[Dataset entries]:
---*---
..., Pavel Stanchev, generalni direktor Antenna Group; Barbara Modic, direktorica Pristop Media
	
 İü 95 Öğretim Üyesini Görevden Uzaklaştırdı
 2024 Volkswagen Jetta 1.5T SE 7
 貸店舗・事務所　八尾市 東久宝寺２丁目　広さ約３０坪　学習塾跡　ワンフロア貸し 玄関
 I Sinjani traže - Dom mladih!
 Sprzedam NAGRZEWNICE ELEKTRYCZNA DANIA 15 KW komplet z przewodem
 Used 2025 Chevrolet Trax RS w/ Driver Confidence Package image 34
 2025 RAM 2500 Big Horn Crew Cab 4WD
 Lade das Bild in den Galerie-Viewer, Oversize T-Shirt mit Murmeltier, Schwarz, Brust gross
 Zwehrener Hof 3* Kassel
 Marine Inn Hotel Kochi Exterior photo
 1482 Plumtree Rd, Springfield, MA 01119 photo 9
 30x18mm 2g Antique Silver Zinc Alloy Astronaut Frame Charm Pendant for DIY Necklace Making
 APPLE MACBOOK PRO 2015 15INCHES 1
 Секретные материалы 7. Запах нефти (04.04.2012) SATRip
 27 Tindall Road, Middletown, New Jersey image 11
---*---
Look through the entries above; copy each line where the string "photo" appears.

 Marine Inn Hotel Kochi Exterior photo
 1482 Plumtree Rd, Springfield, MA 01119 photo 9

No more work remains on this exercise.